Your interfaces might be named different ...

----------

## mv

 *ulenrich wrote:*   

> I think it is internal purpose related: systemd-nspawn etc...

 

Why would this require IPv6?

----------

## UberLord

 *Quote:*   

> Why would somebody want to enable IPv6 support in kernel on a home system if the internet provider and local modem do not support it?

 

My ISP has a native IPv6 connection (as well as IPv4). I use a PPPoA <-> PPPoE bridge (as the UK is PPPoA) so I an use a NetBSD PPPoE client for IPv6.

This works very well - I assume the same is possible with a Gentoo based router.

 *mv wrote:*   

> Also other programs seem to require it, e.g. dhcpcd defaults to ip4vll (despite its name, this is somehow related with ipv6).

 

If has zero to do with IPv6.

IPv6 gives a local link address per device.

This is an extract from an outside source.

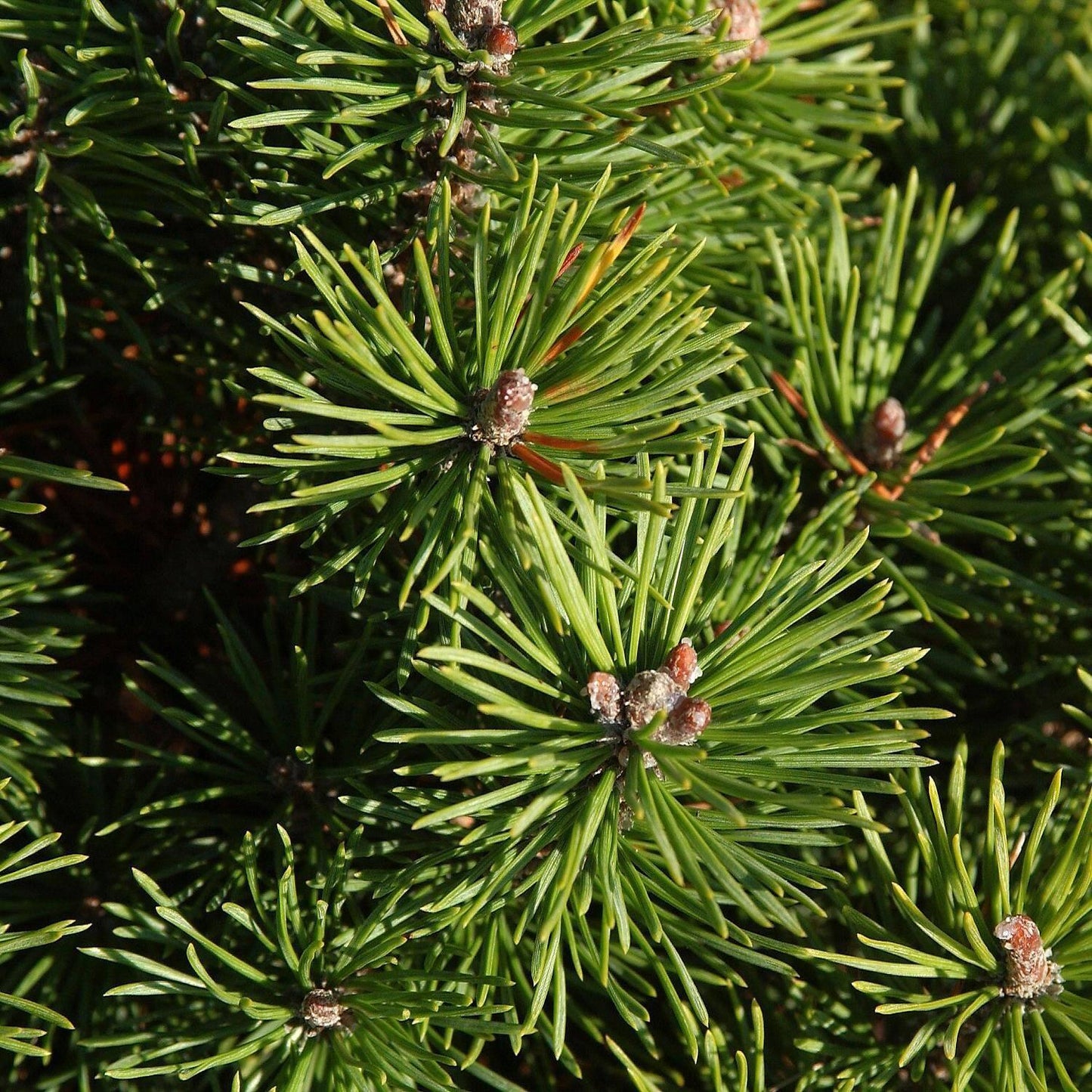 Pinus Mugo Pumilio - View 11 from www redcrocus com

IPv4LL is a similar concept, but for only for IPv4 and only when a DHCP or static lease is not available.

dhcpcd-6 does have IPv6 support for RA and DHCPv6 though - maybe this has confused you.

 *Quote:*   

> Is ipv6 used nowadays for anything else than networking (e.g. some strange loopback or whatever)?

 

Is IPv4 used for anything else than networking? It's kinda of a silly question.

----------

## mv

 *UberLord wrote:*   

> If has zero to do with IPv6.

 

Thanks for clarification.

 *Quote:*   

> Is IPv4 used for anything else than networking? It's kinda of a silly question.

 

Even if you have a machine which is not connected to any network, you need certain minimal kernel support for networking, e.g. to administer cups (even if you use only a local printer).

I was wondering whether systemd makes something similar with IPv6. systemd-nspawn was already mentioned, but I do not see the connection with IPv6.

----------

## UberLord

I doubt systemd actually uses anything specifcally IPv6.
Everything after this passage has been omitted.